KUSA - A couple of years from now you might be able to settle into your seat at Coors Field, pull out your phone and legally bet money on whether the next player makes it to first base.
That future, whether you think it’s good or bad, is possible because the U.S. Supreme Court on Monday struck down a federal law called the Professional and Amateur Sports Protection Act (PASPA).
What was the federal court ruling on sports betting about?
The state of New Jersey asked the U.S. Supreme Court to decide whether a federal law limiting sports betting to a handful of states (Nevada, Oregon, Delaware and Montana) was legal.
The court decided 7-2 that it wasn’t constitutional.
“That leaves the situation where there are no federal laws that prevent any states from legalizing sports betting in their states,” said Anthony Cabot, a fellow at the Boyd School of Law University of Nevada Las Vegas. “Within your own state, you’re free to do whatever you want to do right now; absent Congress going back and fixing it.”
Is Congress planning to pass any laws about sports betting?
Maybe.
Sen. Orrin Hatch (R-Utah) told reporters Monday that he wants to pass some new federal rules about sports gambling. Hatch was one of four lawmakers who wrote PAPSA in 1992.
He told reporters that he doesn’t have a bill put together yet, but he wants to protect states that don’t want to legalize sports betting and uphold “the integrity” of sports. “The rapid rise of the internet means that sports betting across state lines is now just a click away,” Hatch said. “We cannot allow this practice to proliferate amid uneven enforcement and a patchwork race to the regulatory bottom.”
What’s the law in Colorado?
The Centennial State would have to change two different laws before people can bet on the Broncos, said Michael Hartman, executive director of Colorado’s Department of Revenue.
The first is Title 18 in the Colorado Revised Statutes. It defines sports gambling as an illegal activity.
The second is a potential change to Colorado’s constitution, which defines what kinds of gambling are legal and where it can happen.
Colorado only allows blackjack (21), poker, slot machines, craps and roulette. And they're only allowed in the city of Central (yeah, it turns out Central City is really just "Central"), Black Hawk and Cripple Creek.
If lawmakers wanted to add sports betting to gaming, Hartman said he thinks it would require a vote of the people. He asked the Colorado’s Attorney General Office for a formal opinion on what must happen.
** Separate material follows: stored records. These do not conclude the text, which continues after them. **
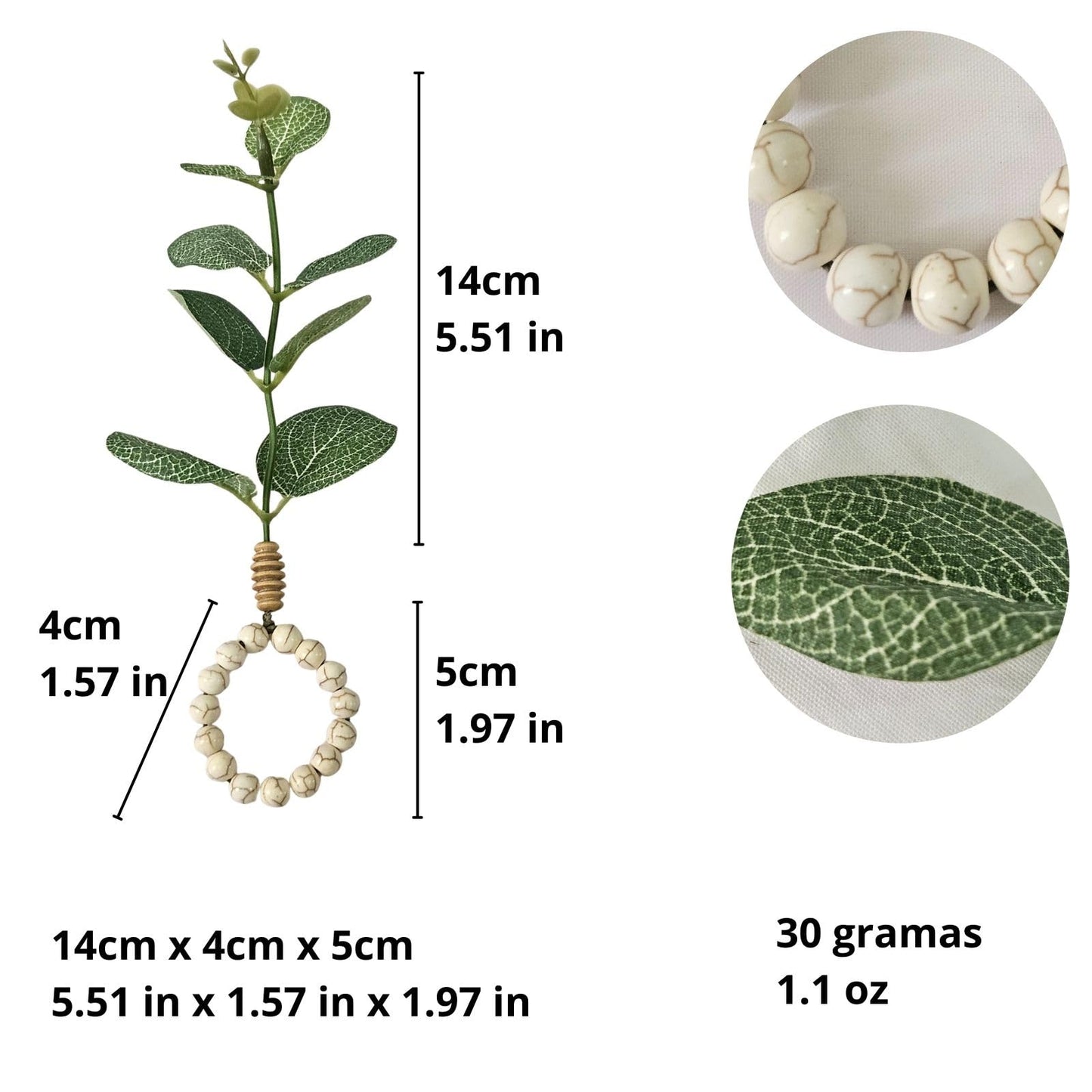 Maison Charlo Eucalyptus Napkin Rings Set of 4, Handmade Green Leaf Napkin Ring Holders, Natural Table Decor for Dining, Wedding, Rustic & Modern Table Settings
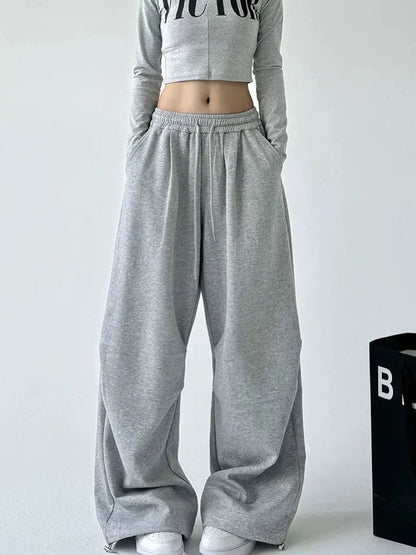 2025 New Harajuku Wide Leg Sweatpants Women Streetwear Baggy Oversize Gray Sports Pants Woman Drawstring Casual Joggers Trousers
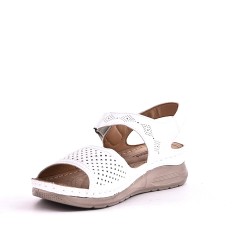 Sandalia cuña de material mixto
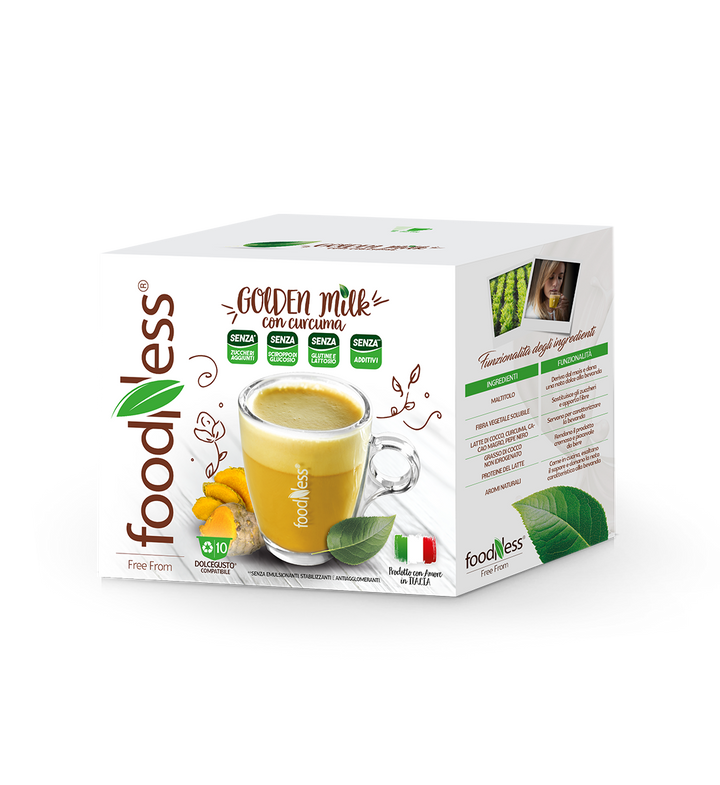 10 capsule GoldenMilk con Curcuma FoodNess compatibili Nescafé Dolce Gusto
9NEWS talked to a couple of state lawmakers who wondered whether sports betting could be classified like horse racing – which could potentially bypass the need for a constitutional amendment.
How quickly could the law change?
Sixteen state legislatures have already started working to change their laws, but Colorado’s lawmakers are done for the year. (A special session seems highly unlikely.)
It’s also too late to get an initiative on the ballot for 2018.
“It can’t happen tomorrow. It can’t happen next week,” Colorado Gaming Association Director Peggi O’Keefe said. “It will be something that has to wait for next year to happen.”
She also said she thinks sports betting should be classified as gambling, located within the current casinos and regulated by the gaming commission.
O’Keefe pointed to the eight times since 1984 Colorado voters have shot down the idea of expanding gambling outside Blackhawk, Cripple Creek and Central City.
If lawmakers or the public wanted sports betting windows to open up at Mile High Stadium or a location next to a Starbucks in a strip mall, it might take multiple ballot questions.
"There would need to be both a statewide ballot initiative and a local initiative if another local jurisdiction wanted to allow gambling in Colorado," said O'Keefe.
How would an online betting app know where I was anyway?
In places where gambling is legal, like Nevada, people can download apps that allow them to bet on sports from anywhere within the state.
Monday’s ruling has raised concerns that people will be able to use an app to bet on sporting events from anywhere -- like Coors Field during a baseball game, for example.
Right now, sports betting apps work by using the phone’s GPS to know whether the user is in a state or city that allows sports betting.
Lawmakers could restrict sports betting to in-person transactions only, but Cabot didn’t think that would happen.
“That would be old school,” Cabot said. “A good percentage of all wagers made in Nevada are done over mobile devices.”
Would sports betting bring in a lot of new tax revenue?
Probably not, Cabot said. “Sports wagering has a very low margin.”
What he means is although a lot of money changes hands when people bet on a football game, the business taking the bets keeps about 5 percent.
“If you tax it too high, it’s going to affect the viability of the industry,” Cabot said.
"Today, there are likely individuals in the state that are violating existing laws and gambling on sports, at which point the state does not gain any tax revenue associated with that," said Hartman "If there were the necessary actions taken to legalize sports betting, then the state certainly would gain additional revenue from those tax increases, but there are a lot of details that need to be sorted out before we can say that with certainty."